Open amaltaro opened 2 months ago
Jenkins results:
Jenkins results:
Jenkins results:
Jenkins results:
I finally managed to do memory measurements with the code currently provided in this PR. It compares the current RucioConMon implementation in the WMCore stack in 2 scenarios: 1) fetching compressed data from RucioConMon (format=raw, generating line by line) 2) fetching uncompressed data from RucioConMon (format=json, loading the whole data in memory)
I ran these tests in vocms0259, such that I could measure memory usage in the node with the grafana host monitor. See screenshot below:
Some observations are:
As I was running memory_profiler
as well, here is a breakdown of the format=raw
vs `format=json
, where we can see that the application memory barely changes in the raw/compressed implementation; but has GBs of memory footprint in the json one (no generator).
format=raw (also faster!)
(WMAgent-2.3.4.3) [xxx@xxx:install]$ python testRucioConMonMem.py
2024-09-06 19:49:28,773:INFO:testRucioConMonMem: Fetching unmerged dump for RSE: T1_US_FNAL_Disk with compressed data: True
2024-09-06 19:49:28,788:INFO:testRucioConMonMem: Fetching data from Rucio ConMon for RSE: T1_US_FNAL_Disk.

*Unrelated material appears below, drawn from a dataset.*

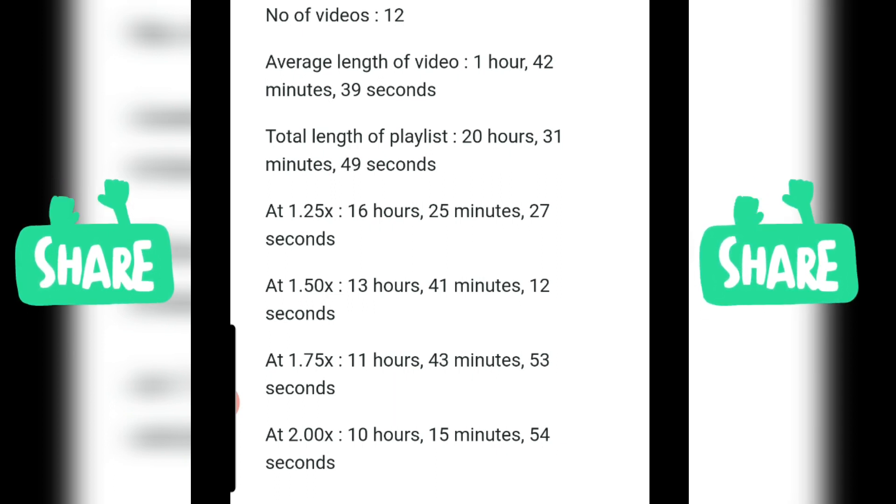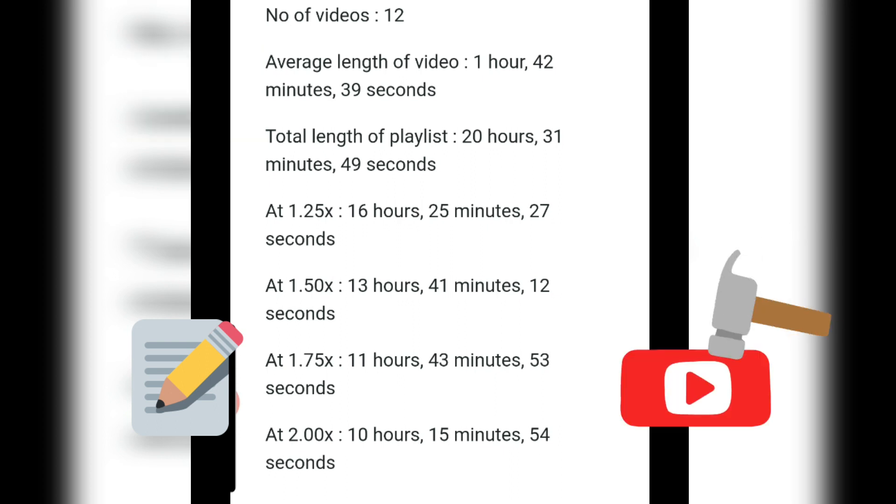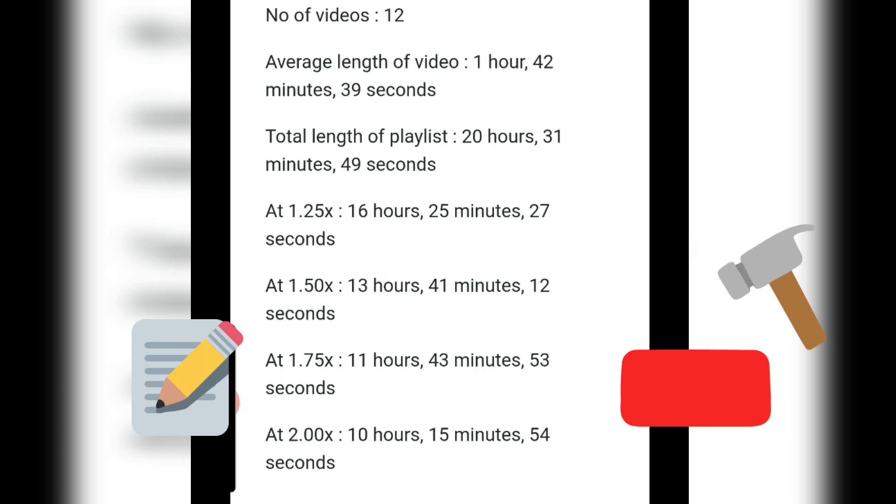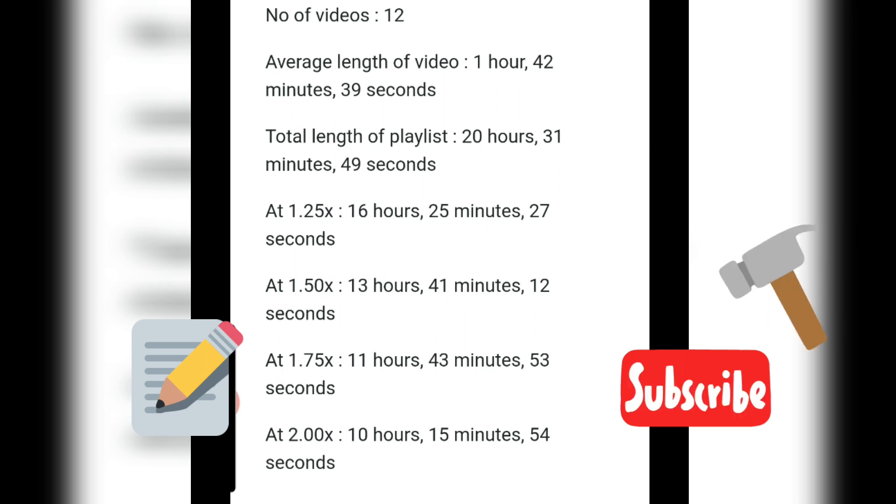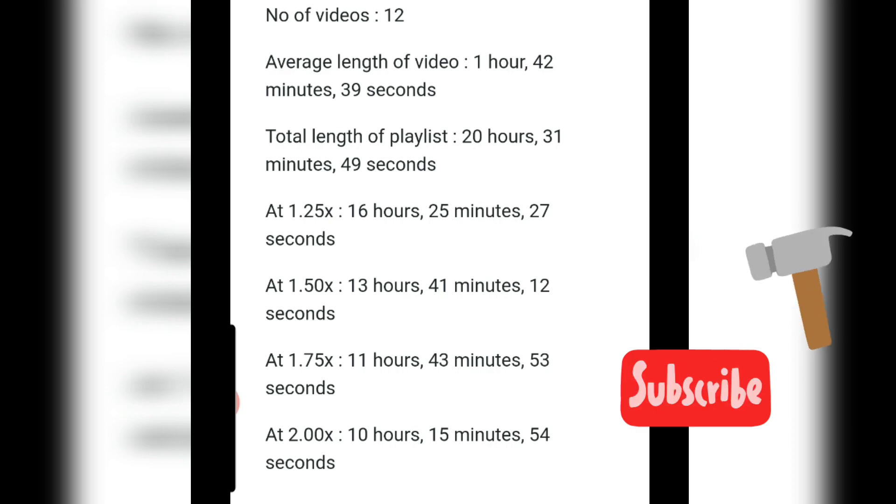If you found that video useful and you would like to see more tips and tricks, let me know in the comment section below. Hit that like button, and so you don't miss any future notifications, don't forget to hit that subscribe button and turn on that notification bell. Thanks for watching.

2024-09-06 19:49:28,802:INFO:RucioConMon: Size of rseUnmerged object: 11888
2024-09-06 20:48:44,553:INFO:testRucioConMonMem: Total files received: 10877227, unique dirs: 12885
Filename: testRucioConMonMem.py
Line # Mem usage Increment Occurrences Line Contents
=============================================================
27 36.0 MiB 36.0 MiB 1 @profile
28 def getUnmergedFiles(rucioConMon, logger, compressed=False):
29 36.0 MiB 0.0 MiB 1 dirs = set()
30 36.0 MiB 0.0 MiB 1 counter = 0
31 36.0 MiB 0.0 MiB 1 logger.info("Fetching data from Rucio ConMon for RSE: %s.", RSE_NAME)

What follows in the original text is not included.